This isn't about inanimate objects. It is very specifically referring to person's as disabled, and MLBs "disabled list" is among the only uses of the term applied to person that means merely not playing due to temporarily injured rather than a person with a more permanent disability who may or may not be playing. Anyone hearing the term "disabled list" who did not have specific knowledge of how the MLB uses the term would have a notion in their head that is not what MLB is intended. Thus, MLB is merely correcting their use of language to be more in tune to common usage. Take 100 people who know very little about the MLB and ask them what "disabled list" means and what "injured list" means. 100% of them will give answers to "injured list" that is much closer to what the MLB is trying to convey. Thus, "injured list" is an objectively better term for their list.
The idea tyat we weed out all words possibly offensive to people will lead to a policaly correct authorterian stae of expression.
The opposite of what the 1st amendent means.
The 1st Amendment has zero relevance, b/c the government is in no way involved. And people choosing to revise their language to be more accurate is not authoritarian, it rational. And people's choosing to revise their language b/c it creates an unintended harmful association for some people (in this case, the association that a person with a disability cannot play a sport) is not authoritarian, it is called being ethical.
There are instances of irrational PC word control, but this is not an example. An probable example would be the switch from handicapped to disabled. Handicapped seems like the less insulting term, b/c it merely implies the person is at a disadvantage for some things but could still overcome that disadvantage unlike "disability" which implies the person is inherently not able to perform the task so why bother trying. Handicapped was already a term employed by sociologists and social workers empathetic to the people to whom it referred, replacing terms like crippled and imbecile which had acquired centuries of use as insults and derogation.

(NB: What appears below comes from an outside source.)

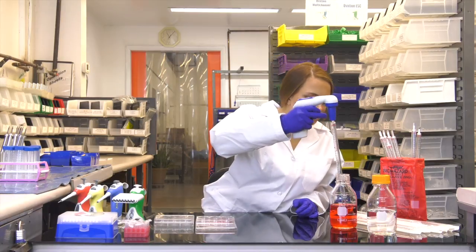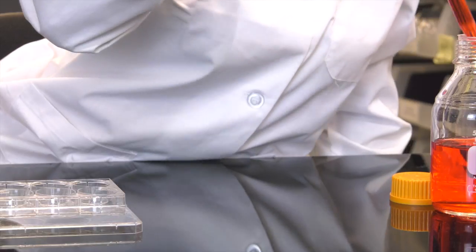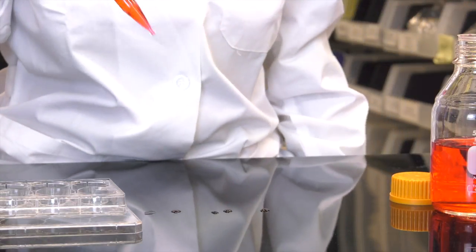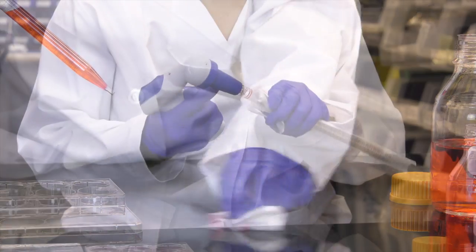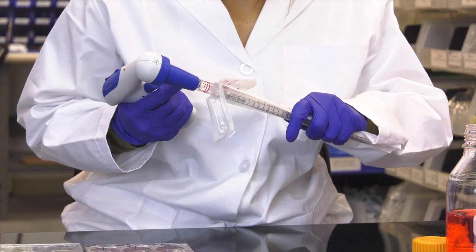We all know this can happen with standard serological pipettes. Drip happens, and you end up compensating by slowing down, causing fatigue and frustration. To stop the wobble, you have to jam.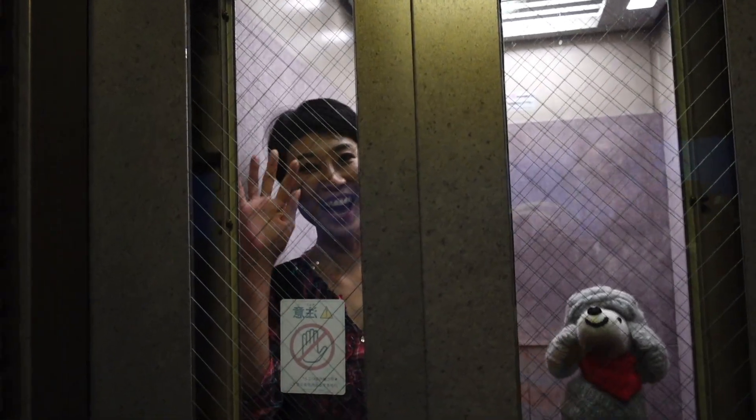Hello everybody, so nice to see all of you. Nice to meet you, Justin! Hi Justin!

But during the 1990s, activists made the poor choice to try demand a change in language to symbolize the more meaningful change in rights and accommodations they were seeking. They were not the one's who made "handicapped" the standard term, so they wanted to force a change to a term they had chosen and they somehow chose disabled. IOW, there was no sound basis to claim that disabled was the more ethically or factually correct term, thus this was an example of being merely "politically correct" but not any real kind of correct sensible people should care about.
In contrast, now that "disabled" has come to be the prevailing term for this group of people and are who is being referred to 99.99% of the time when a person is referred to as disabled, it is objectively misleading to refer to a group of people who are being kept from playing a sport due to a temporary injury as being disabled. .
The problem with conservative snowflakes is that they go into a tizzy every time language (which is inherently and always under change) is revised, and want to lump every instance into the basket of unreasonable PC.
Notice that neither you nor anyone complaining about this change has bothered to address the obvious fact that "injured" is a more specific and accurate term to refer to who and why the person is on this MLB list. You just want to rant and rave about language changing b/c it fits your narrative.